I knew I could go one of two ways: join them and let my circumstance rule me or try to build a proper career. I chose the latter; I would suffer short term to reap long term success. It was difficult but I knew if I started making money in ways that I shouldn’t, it would be difficult to get out of that. Easy come, easy Go.
So, I got myself into university because at least I had some ‘A’ Levels. Many of those I am with didn’t have any qualifications. Education and support is the fundamental need! However, in my first year I had a mental breakdown and due to lack of the above, I was forced to drop out. The same thing happened to me again when I started another course, so I was still a long way from getting meaningful work in line with my aspirations.
What was it that made you want to change your home life and build a good career for yourself?
I decided that I didn’t want to become a product of my environment. But I had to put that into action.
TalentMatch visited my hostel, it’s an organisation that helps young people aged 18-24 who need extra support to help them along the path to sustainable employment. They signposted me, through an event, to London Youth, a charity and Movement to Work partner, that helps young people improve their lives, supporting youth with opportunities and experiences they would never have unless through them.
I also joined my hostel’s youth panel. This meant that I did some volunteering: setting up events, relaying residents’ needs and co-ordinating projects, for example, outreach within the community. I also spoke to young people in the hostel about how they could work with London Youth or other services to also get back on track. Hardships from being young and alone sets people back but also places you at an advantage ironically.
Movement to Work also asked me to speak about my journey at its social-mobility awards in February.
What are you doing now?
I’m going back to university in September to study sociology and anthropology, but alongside that I’m going to do a part-time course to become a learning and behavioural specialist.
What advice would you give to young people from challenging backgrounds who want to move into work?

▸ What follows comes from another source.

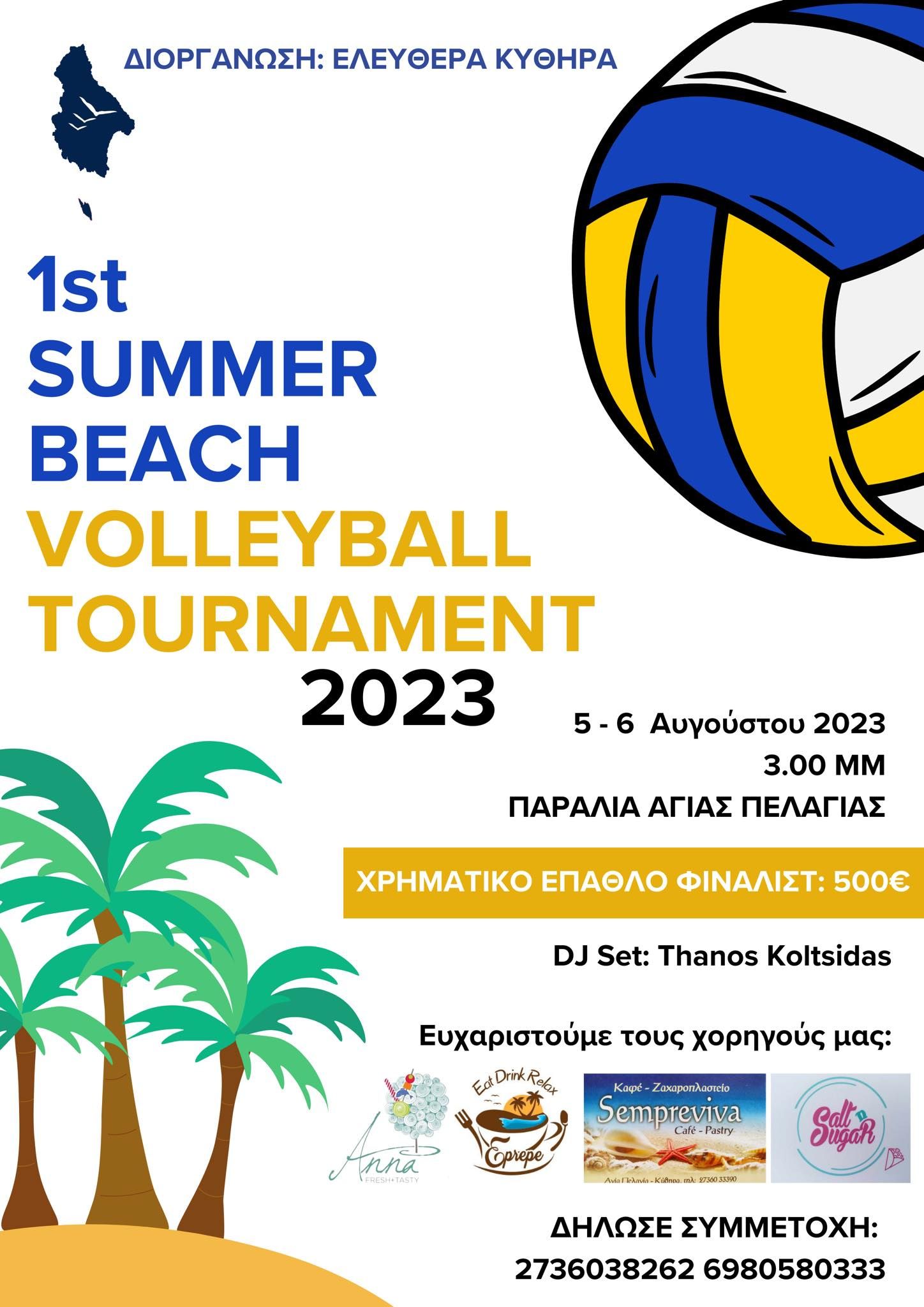 364672983 139076039231799 1862791174842749313 n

Have the determination to find services that will help you. If you’re over 18 they are more difficult to find now but be single-minded about getting help to get you on a career ladder. If you’ve made money on the streets it’s even more difficult to move on but if you have the determination the right thing for yourself you will get there.
I would never have found the volunteering opportunities that have helped me so much but for my relentless determination pushing myself. First and foremost, make sure you’re ok physically, mentally and spiritually. Cliché but true, look after and love yourself!